Getting a good night’s sleep
A good night's sleep is so important for your body, both physically and mentally.1 When you sleep, your body gets to work repairing damage, supporting your immune system, and saving your energy levels. It can also help to reduce your stress levels.2 It is recommended that the average adult gets between 7–9 hours of sleep each night.2
There are lots of reasons why getting a good night’s sleep can be challenging when living with cancer.3 In this article, you’ll find some information to help you understand why sleep may be a struggle, and a few tips to try and help you get the best sleep possible.

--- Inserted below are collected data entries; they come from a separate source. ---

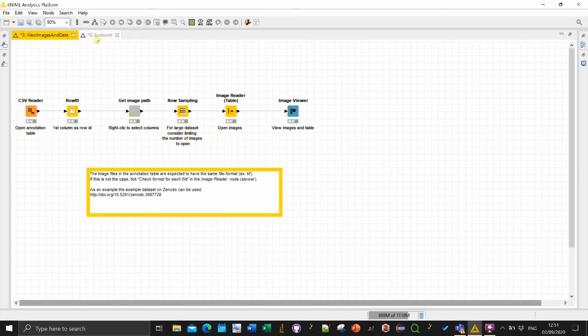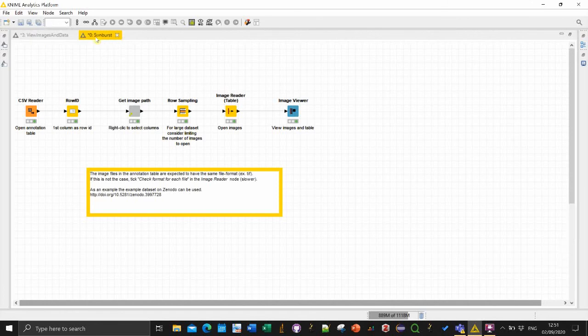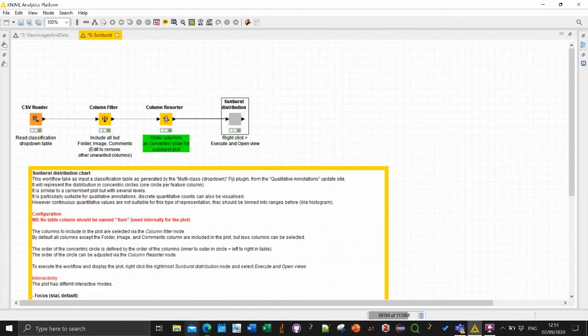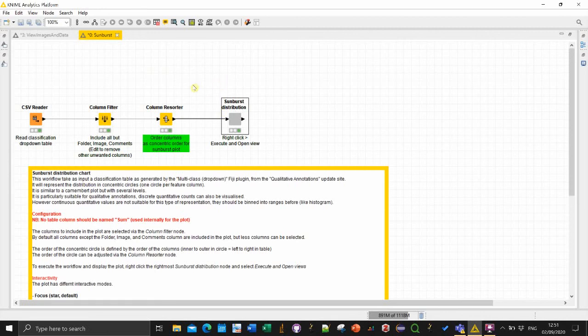Then I will go on with the second workflow which is slightly more complex, which is about generating the sunburst plots to visualize the distribution of your qualitative features. You can have a look in the article for more detail.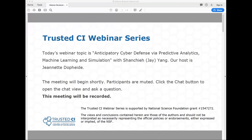Good morning, and welcome to the Trusted CI webinar for February 25th, 2019. I'm your host, Jeanette Dopp-Heide. Trusted CI is the NSF Cybersecurity Center of Excellence, and these webinars are part of its mission to deliver high-quality, actionable guidance regarding cybersecurity to the NSF community. More information about Trusted CI can be found at trustedci.org.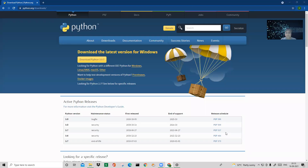Hello everyone and welcome back to my channel. Today we will discuss Python, which is a common buzzword right now in the field of data science. Python is a very important tool because every company, every student, every management system — everyone is using it. So first of all we have to learn how to install it.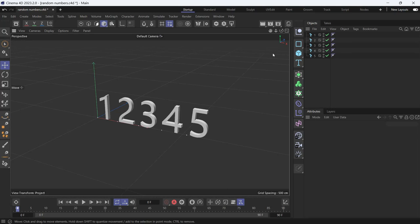Here I have a bunch of random numbers in the form of a text object. Now I want to randomize these numbers using an effector, the random effector.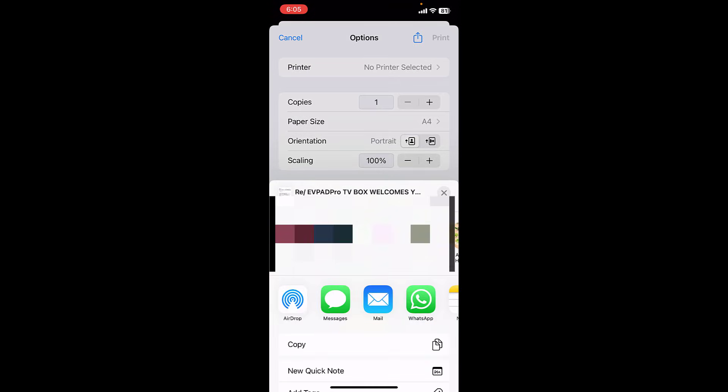And now select WhatsApp and select the WhatsApp contact and tap on next.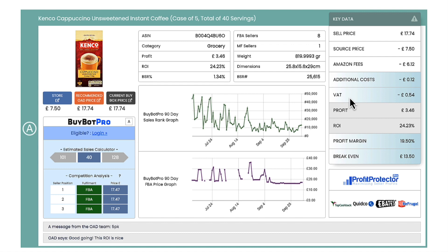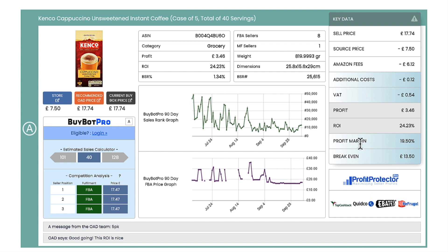Now if you have a BuyBot Pro subscription you can link your BuyBot Pro to your Online Arbitrage Deals account. On BuyBot Pro you will have put in things like your VAT status and any additional fees — Online Arbitrage Deals then takes that information from BuyBot Pro and works out any additional costs you'll be paying, any VAT, and it can also work out your profit margin and your break-even price.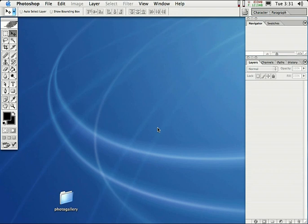All right, I'm going to teach you how to make web photo galleries in Photoshop. Believe it or not, Photoshop will actually create the HTML, all the pages, and everything for you.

Why you might be struggling to sleep
Symptoms
Your symptoms can affect your sleep, such as if you are in pain or feeling sick.3
If you are struggling with symptoms, you might find our ‘Living Well’ articles useful. If you do experience any new, ongoing, or worsening side effects, it is important to tell your doctor as soon as possible so that they can help you manage them.
Treatment
Side effects of some cancer treatments can affect your sleep.3,4 For example, anti-sickness drugs may be making you feel restless, while other treatments can cause insomnia. Insomnia is when you have difficulty falling asleep and staying asleep at night.3
If you think you are struggling to sleep because of side effects of your cancer treatment, please speak to your doctor. They may be able to adjust your treatment schedule or point you in the direction of support, including relaxation techniques and therapy for insomnia.3
Worry
A diagnosis of cancer can be difficult to cope with. It is completely normal to feel worried or anxious.3
If you feel this way, it is important that you talk to someone you trust. This can be family, friends, or even your doctor. If you don’t want to speak to friends or family, you might find counselling helpful. You can speak to your doctor about a referral for counselling.3,4
Tips for better sleep
If you are struggling to fall asleep, here are a few things that you can do to try and relax yourself before bed.
You could:3
- Avoid using an electronic device at least 2 hours before bed
- Try to be physically active during the day
- Try and avoid caffeine at least 6 hours before you go to bed. Also try to avoid large meals within 2 hours of going to bed
- Do something relaxing before you go to bed, such as having a warm bath, listening to relaxing music or reading a book
- Reduce as much noise and light as possible in the room
If you are struggling to stay asleep at night, you could:
- Avoid napping throughout the day
- Create a sleep routine, by going to bed and waking up at the same time each day
- Remove any clocks from your room, as clock-watching can cause stress and make it harder to go back to sleep
- Reduce as much noise and light as possible in the room
Top tip:
Sometimes you should take a break from trying to go to sleep. This might sound odd, but if you are finding it difficult to go to sleep, you could try getting up and doing something light to try and empty your mind. This could include reading a book or watching a relaxing programme on TV. Clearing your mind might help you to relax and be able to fall asleep.5
Not being able to get a good night's sleep can be really frustrating, especially when you are doing everything you can to make it happen. If you feel that these tips didn’t help, or if there may be something else affecting your sleep, please speak to your doctor as they may be able to help you.
References
- University of Michigan: School of Public Health. Sleep 101: Why Sleep Is So Important To Your Health. Available at: https://sph.umich.edu/pursuit/2020posts/why-sleep-is-so-important-to-your-health.html [Accessed June 2025].
- Healthline. What is the purpose of sleep? Available at: https://www.healthline.com/health/why-do-we-sleep [Accessed June 2025].
- Cancer Research UK. Difficulty sleeping (insomnia) and cancer. Available at: www.cancerresearchuk.org/about-cancer/coping/physically/difficulty-sleeping [Accessed June 2025].
- Mayo Clinic. Insomnia: How do I stay asleep? Available at: https://www.mayoclinic.org/diseases-conditions/insomnia/expert-answers/insomnia/faq-20057824 [Accessed June 2025].
- Macmillan. Trouble sleeping (insomnia). Available at: www.macmillan.org.uk/cancer-information-and-support/impacts-of-cancer/trouble-sleeping [Accessed June 2025].